Comment

Private schools are desperate to open – so why are they being stopped? 

Our government has let children become collateral damage in the war on Covid. Their future is now at stake

Paging Gavin Williamson, urgent call for Mr Williamson!

In an open letter, 120 psychologists have warned the Secretary of State for Education that the decision to delay returning children to schools is “a national disaster”. The country’s most eminent experts are united in the view that the needs of youngsters  “have been neglected in the crisis” and a lack of input to SAGE specifically covering young people’s mental health and education “is a dangerous omission”.
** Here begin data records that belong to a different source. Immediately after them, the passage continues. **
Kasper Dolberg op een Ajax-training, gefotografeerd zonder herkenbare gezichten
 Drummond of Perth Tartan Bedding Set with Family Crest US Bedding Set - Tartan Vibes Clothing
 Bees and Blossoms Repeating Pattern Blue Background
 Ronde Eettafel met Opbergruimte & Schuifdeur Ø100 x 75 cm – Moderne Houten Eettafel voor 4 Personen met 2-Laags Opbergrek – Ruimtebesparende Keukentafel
You can say that again. It is the cruellest of ironies that a child is four times more likely to be struck by lightning than harmed by Covid 19 yet non-essential shops are allowed to open this week while schools remain closed to all but a minority of pupils, probably until September. If then. Seriously, Secretary of State?

While the Government says it is going to “start” - yes, start! - a review into the crazy two-metre distancing rule which makes it so hard for classrooms to open, a study from UCL found that 20pc of all schoolchildren (two million kids) are doing less than an hour of schoolwork a day at home, or none at all. They will never catch up.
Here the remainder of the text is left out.